UNITED STATES
SECURITIES AND EXCHANGE COMMISSION
Washington, D.C. 20549
FORM 8-K
CURRENT REPORT
Pursuant to Section 13 OR 15(d) of The Securities Exchange Act of 1934
Date of Report (Date of earliest event reported): February 20, 2025
DIAMEDICA THERAPEUTICS INC.
(Exact name of registrant as specified in its charter)
British Columbia | 001-36291 | Not Applicable |
(State or other jurisdiction of incorporation) | (Commission File Number) | (IRS Employer Identification No.) |
301 Carlson Parkway, Suite 210 Minneapolis, Minnesota | 55305 |
(Address of principal executive offices) | (Zip Code) |
(763) 496-5454
(Registrant’s telephone number, including area code)
Not Applicable
(Former name or former address, if changed since last report.)
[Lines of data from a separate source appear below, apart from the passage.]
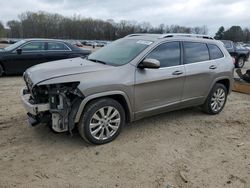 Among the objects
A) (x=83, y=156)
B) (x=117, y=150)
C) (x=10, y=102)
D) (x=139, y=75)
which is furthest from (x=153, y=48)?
(x=10, y=102)

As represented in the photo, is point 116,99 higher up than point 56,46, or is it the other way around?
point 56,46

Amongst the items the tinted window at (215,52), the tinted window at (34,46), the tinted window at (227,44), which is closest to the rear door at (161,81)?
the tinted window at (215,52)

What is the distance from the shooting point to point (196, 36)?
569 cm

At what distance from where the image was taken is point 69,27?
361ft

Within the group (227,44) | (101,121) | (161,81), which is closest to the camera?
(101,121)

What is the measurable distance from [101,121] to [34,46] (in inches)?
275

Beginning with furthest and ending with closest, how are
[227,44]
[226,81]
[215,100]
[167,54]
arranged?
1. [227,44]
2. [226,81]
3. [215,100]
4. [167,54]

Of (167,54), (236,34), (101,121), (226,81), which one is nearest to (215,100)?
(226,81)

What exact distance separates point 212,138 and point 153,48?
184 centimetres

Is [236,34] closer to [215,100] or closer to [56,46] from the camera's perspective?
[56,46]

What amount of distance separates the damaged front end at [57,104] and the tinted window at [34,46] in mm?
6549

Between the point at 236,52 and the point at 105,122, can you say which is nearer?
the point at 105,122

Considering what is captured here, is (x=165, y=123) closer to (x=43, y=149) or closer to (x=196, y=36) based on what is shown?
(x=196, y=36)

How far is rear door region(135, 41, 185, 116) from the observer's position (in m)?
4.54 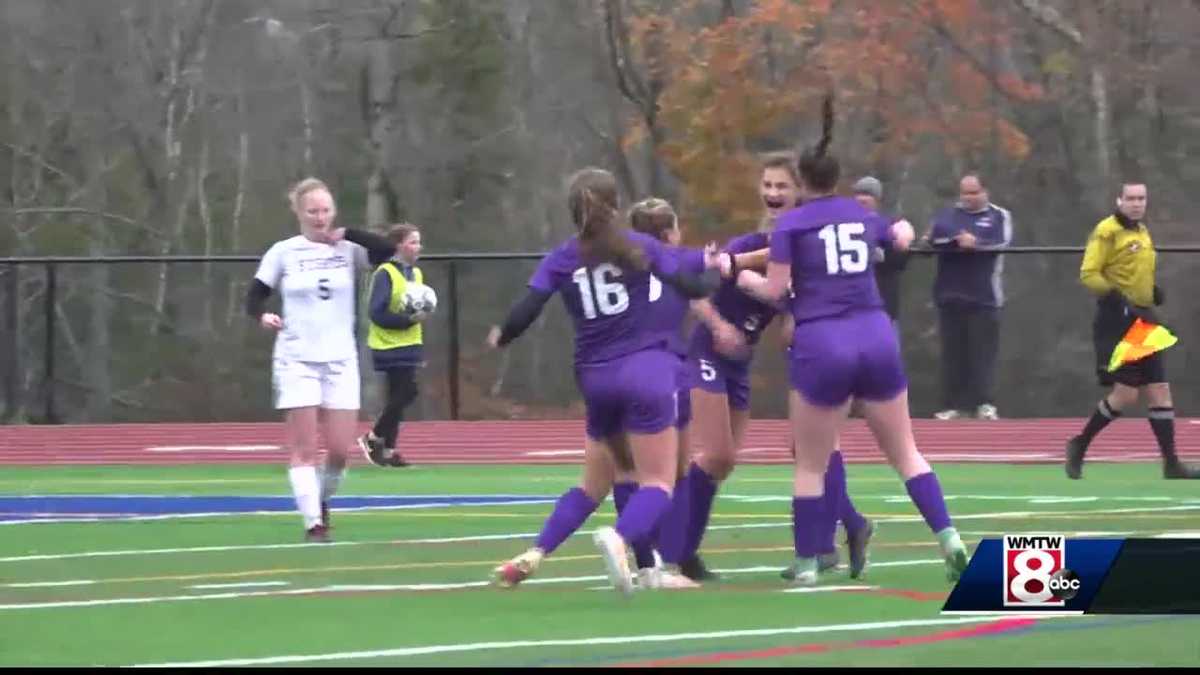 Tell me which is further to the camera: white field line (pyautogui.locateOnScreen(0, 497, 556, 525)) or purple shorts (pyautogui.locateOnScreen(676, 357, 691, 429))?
white field line (pyautogui.locateOnScreen(0, 497, 556, 525))

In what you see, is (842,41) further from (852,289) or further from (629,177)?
(852,289)

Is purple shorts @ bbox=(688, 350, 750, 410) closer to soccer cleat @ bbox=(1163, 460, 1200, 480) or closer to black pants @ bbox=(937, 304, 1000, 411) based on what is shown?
soccer cleat @ bbox=(1163, 460, 1200, 480)

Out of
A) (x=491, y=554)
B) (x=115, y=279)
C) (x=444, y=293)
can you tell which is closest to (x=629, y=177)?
(x=115, y=279)

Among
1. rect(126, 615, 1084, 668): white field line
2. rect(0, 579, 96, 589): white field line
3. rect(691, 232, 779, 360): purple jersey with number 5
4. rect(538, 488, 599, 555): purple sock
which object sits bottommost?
rect(126, 615, 1084, 668): white field line

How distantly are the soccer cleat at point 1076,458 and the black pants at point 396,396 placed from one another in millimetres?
5712

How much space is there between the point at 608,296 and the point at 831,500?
1.57 metres

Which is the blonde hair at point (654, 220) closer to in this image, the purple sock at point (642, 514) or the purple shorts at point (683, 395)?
the purple shorts at point (683, 395)

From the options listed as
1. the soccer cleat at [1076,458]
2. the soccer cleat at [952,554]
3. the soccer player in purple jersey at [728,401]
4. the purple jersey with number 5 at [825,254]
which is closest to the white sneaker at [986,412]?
the soccer cleat at [1076,458]

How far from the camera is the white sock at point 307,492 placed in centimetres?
1501

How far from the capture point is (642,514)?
37.8ft

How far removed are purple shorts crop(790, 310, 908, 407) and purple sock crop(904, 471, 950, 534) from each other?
0.45m

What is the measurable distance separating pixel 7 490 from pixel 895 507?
718 centimetres

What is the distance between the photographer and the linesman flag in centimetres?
1872

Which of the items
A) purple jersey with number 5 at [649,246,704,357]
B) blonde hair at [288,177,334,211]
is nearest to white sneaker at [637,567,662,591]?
purple jersey with number 5 at [649,246,704,357] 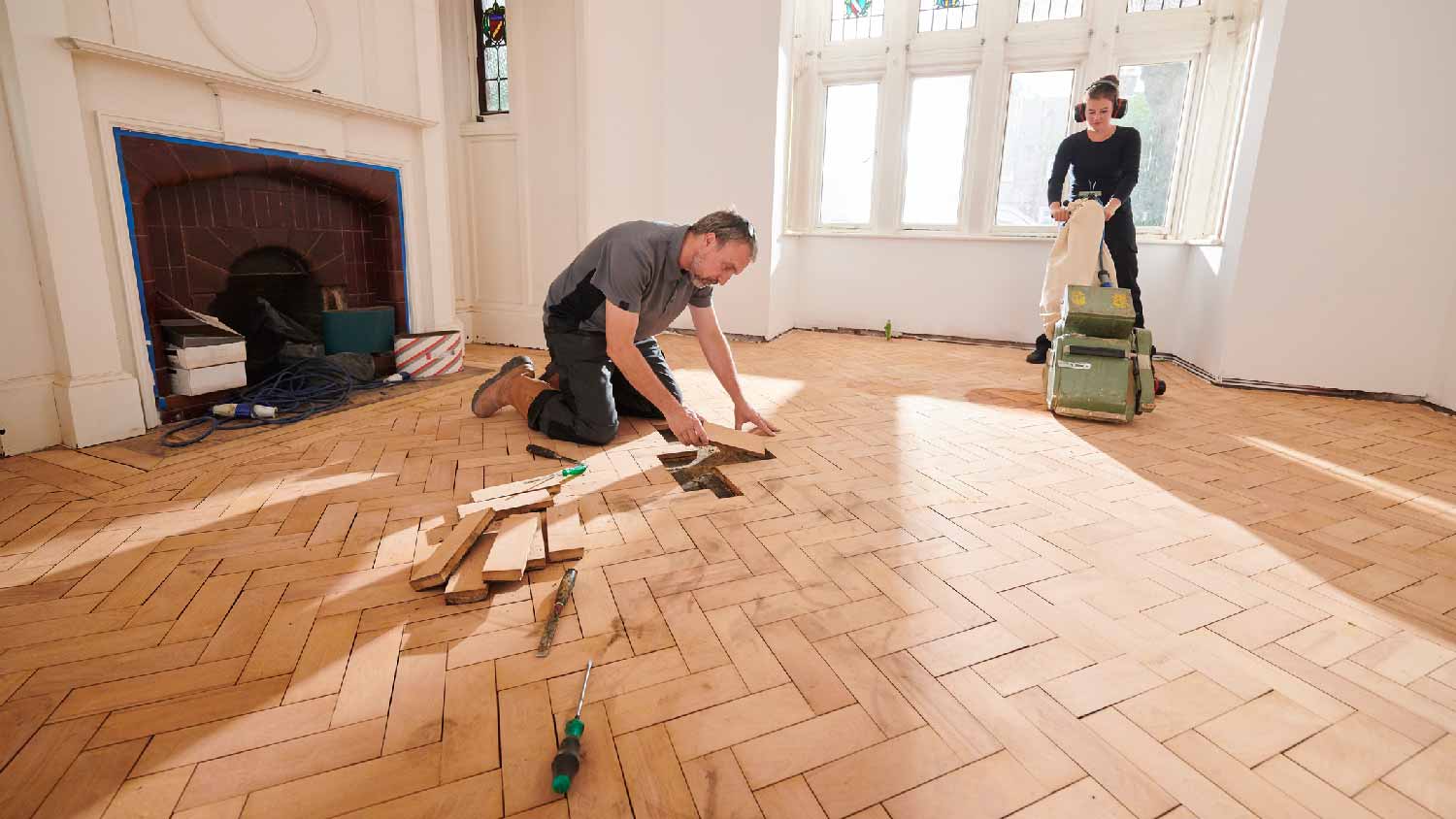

Check the appropriate box below if the Form 8-K filing is intended to simultaneously satisfy the filing obligation of the registrant under any of the following provisions:
☐ | Written communications pursuant to Rule 425 under the Securities Act (17 CFR 230.425) |
☐ | Soliciting material pursuant to Rule 14a-12 under the Exchange Act (17 CFR 240.14a-12) |
☐ | Pre-commencement communications pursuant to Rule 14d-2(b) under the Exchange Act (17 CFR 240.14d-2(b)) |
☐ | Pre-commencement communications pursuant to Rule 13e-4(c) under the Exchange Act (17 CFR 240.13e-4(c)) |
Securities registered pursuant to Section 12(b) of the Act:
Title of each class | Trading Symbol(s) | Name of each exchange on which registered |
Voting common shares, no par value per share | DMAC | The Nasdaq Stock Market LLC |
Indicate by check mark whether the registrant is an emerging growth company as defined in Rule 405 of the Securities Act of 1933 (§230.405 of this chapter) or Rule 12b-2 of the Securities Exchange Act of 1934 (§240.12b-2 of this chapter).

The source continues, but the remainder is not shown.